Diagnosis of Testicular Cancer

* Physical Examination
* Ultrasound – this is a painless test using sound waves that shows the inside image of the testicles in the scrotum. This enables the doctor to determine if the lump is solid or liquid filled, if it is inside or outside the testicle, or the nature of the lump if it is likely to be testicular cancer

* MRI Scan – this is uses magnetic fields to show the image of a body structure. It is not used very often because testicular cancer can be diagnosed in ultrasound scan test. But if the ultrasound test cannot show that the lump in the testicle is cancerous or non-cancerous (benign), the doctor may ask to take this test.

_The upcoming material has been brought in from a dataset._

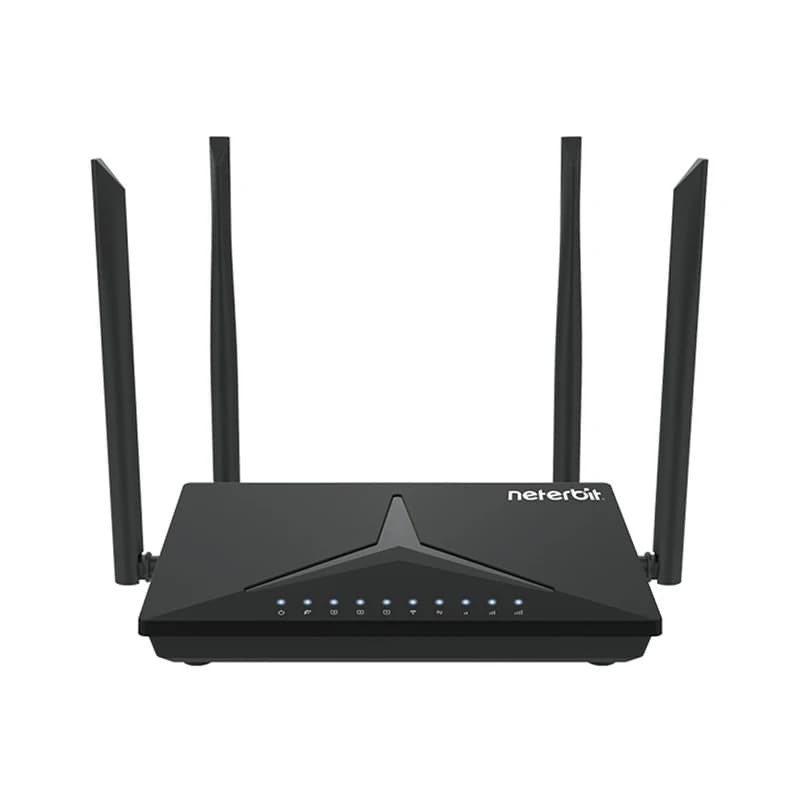 مودم 4G نتربیت مدل NWRM920 — تصویر ۴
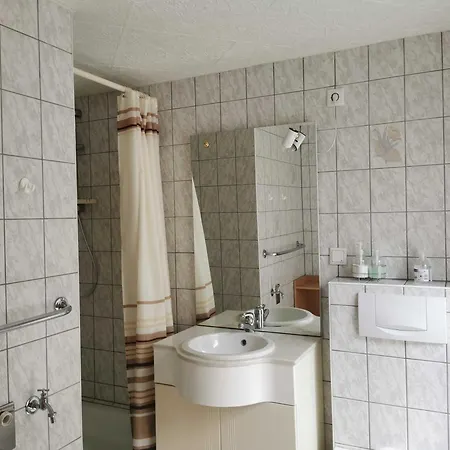 Apartment Rügen 91 Buchenwinkel *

* CT Scan – this is a series of x-rays in various sections of the body (abdomen and chest) that gives the doctor a picture if the cancer has spread in the body

* Biopsy – this determines if the lump is cancerous or not, and the type of cancer, by examining the testicle in a microscope

* Blood Tests – testicular cancer often produce high or abnormal amounts of hormone that can be measured in the blood. The doctor may use this test for decision making in which treatment to take.

3 Different Tumor Markers:
* AFP (alpha feta protein)
* HCG (human chorionic gonadotrophin)
* LDH (lactate dehydrogenase)
Note:

* You could have a testicular cancer without a raised marker because not all testicular cancers produce these chemicals.
* Raised markers are usual or common in some types of nonseminoma than in seminoma.

Self-Examination Test for Testicular Cancer
1. Cup one testicle at a time using both hands. This is best done during or after a warm bath or shower.
2. Examine with slight pressure by rolling the testicle between thumb and fingers.
3. Familiarize yourself with the spermatic cord and epididymis (tube-like structure that connect on the back side of each testicle).
4. Feel for lumps, change in size, or irregularities. It is normal that one testis is slightly smaller than the other.

Testicular cancer cure Singapore depends on the stage of the disease.